New Haven has long had a bad reputation as a rough and dowdy city. Truth be told, this characterization has always reeked of sour grapes to me–it seemed like the only people talking about how “awful” New Haven is are those Yale students who are maybe just a bit bitter they didn’t get into Harvard. Sure, playing chess in Harvard Square while listening to a hippie blow on a didgeridoo may help get you in an academic mindset, but wouldn’t we all prefer to live in a “real” city where we’re part of the re-urbanization movement? No? Well, forget you then.
Truth be told, poor ‘lil New Haven’s feelings have been hurt numerous times over the years by those sneering Yaleys. During the 1960s and 1970s, which were a truly dreadful era for urban renewal ideas, the city threw its weight behind nearly every failed concept–a civic center! huge parking garages! a massive, concrete bunker-styled mall! a suburban-style office park!–all in the name of making itself just a bit more loveable. Today, these buildings–including the Coliseum, which is currently being demolished–help form a downtown graveyard of concrete tackiness. All those Yale kids didn’t realize that words hurt, man.
One of the most notable projects of that era was the Chapel Square Mall, built right on the edge of the city’s common near the intersection of Chapel and Church Streets. As usual, those scamps over at Deadmalls have a more complete history than I could offer, but this mall had a very strange configuration wherein the anchor stores (a large Macy’s and an Edw. Malley Co.) were each on the two southern blocks (on either side of George Street, along Church St.), and the mall was on the northern block closest to the common. Because the mall spanned three city blocks, it meant that each building had to be skywalked together, but since Macy’s was on the center block, both anchors were at the same end of the mall and it was necessary for Malley’s shoppers to walk through Macy’s to reach the mall.
When I first visited Chapel Square Mall in fall of 1999, it was already in a pretty severe state of decline, and Macy’s was already long gone. The mall itself still hosted a few national chains as well as a bevy of local stores (as detailed in this snarky Yale Herald piece) appealing mainly to an urban clientele, including a large (and seemingly very successful) independent record store focusing on R&B and Hip-Hop. The main mall area was a large, bright, wide two level corridor, with terracotta tiled floors and glass railings around the upper level. There was also a large fountain on the first floor near the common entrance. Still, it was showing severe signs of wear–I distinctly recall a lot of the metal portions of the railings to be rusting, and it was the last time I can remember witnessing a shell of a former Marianne’s/Petrie’s store.
Beginning around 2000, New Haven began to change. Yale University, apparently growing tired of cries from their student body that they didn’t have a convenient Starbucks or J. Crew, decided to take matters into their own hands. They bought many derelict buildings clustered around many of downtown’s boulevards, fixed them up, leased them, and resold them. While gentrification is definitely banging on the door now, New Haven is rapidly reclaiming its place as a destination city, with lots of nightlife and shopping and restaurants. Thusfar, it hasn’t gotten the same attention as other northeastern Renaissance cities like Providence, but it’s only a matter of time.

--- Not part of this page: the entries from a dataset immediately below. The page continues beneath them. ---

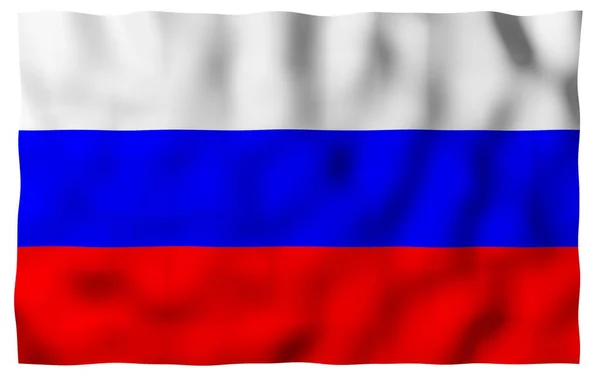Waving Flaga Federacji Rosyjskiej Narodowy Symbol Państwa Rosji Ilustracja — Zdjęcie stockowe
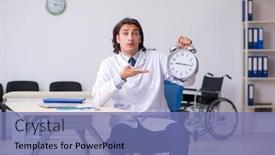  Presentation with time management - Presentation design having young male doctor in time management concept background and a teal colored foreground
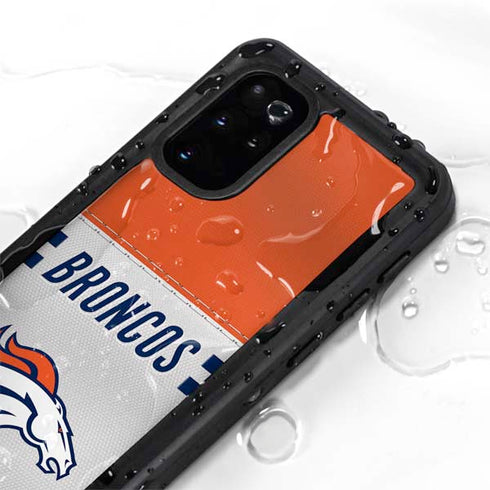 NFL Denver Broncos White Striped Galaxy S20 Plus Waterproof Case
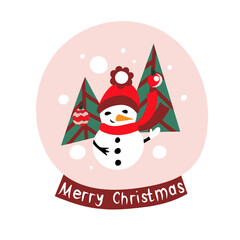 Colorful snow globe with text Merry Christmas, snowman and trees. Bright vector decor for web and print. 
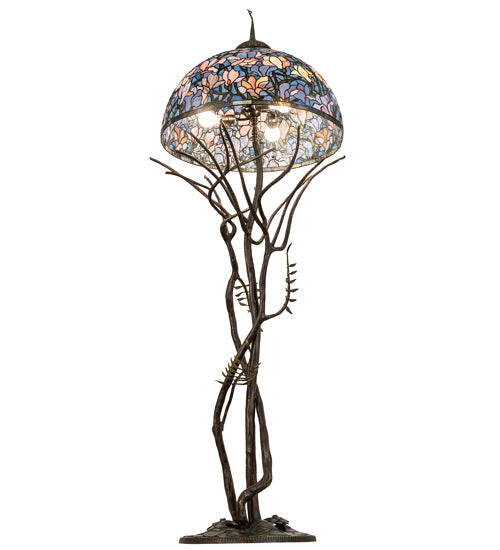 Meyda Lighting Tiffany Magnolia 75" 3-Light Antique Floor Lamp With Multi-Colored Shade Glass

The renaissance of the Chapel Square Mall is part of this. The mall was shuttered in the early-auts and very slowly redeveloped as a mixed-use center that faces outward, instead of inward, and hosted foofier stores like Ann Taylor Loft and Cold Stone Creamery (and I bet those Yaleys love tormenting those creamery kids by making them sing!). We haven’t gotten to see the interior yet, but from what we understand the developers ripped the roof right off the original mall and turned it into an outdoor courtyard, with some retail, offices, and residential all facing a lush green corridor. For now, these construction pictures will have to suffice, but it’s likely due for a visit by the Labelscar crew.
I also swung by to take some fasincating pictures from the nearby IKEA store, which opened to much fanfare in 2004. Built on the site of a former Pirelli Tire office building, it replaces a failed proposal for the Long Wharf Galleria, which would’ve brought yet another large (and more upscale than Chapel Square) mall right downtown. Surprisingly, given that Chapel Square’s been dead for years, New Haven is one of the only cities in the northeast corridor that could be considered “undermalled.” The closest enclosed mall, the gargantuan Connecticut Post Mall in Milford, is over ten miles to the southwest and there are no others serving the city or suburbs. There was a much-ballyhooed controversy surrounding the construction of Long Wharf wherein some potential anchor tenants were strong-armed by mall magnate Westfield (the owner of most major malls in Connecticut) to abandon the project, and they did. Instead, the city got New England’s first IKEA, but because it was too costly to demolish the strange, floating Pirelli Tire structure, it remains today–completely vacant.
Like many older cities, New Haven is working towards reinventing itself and it’s nice to see it succeed.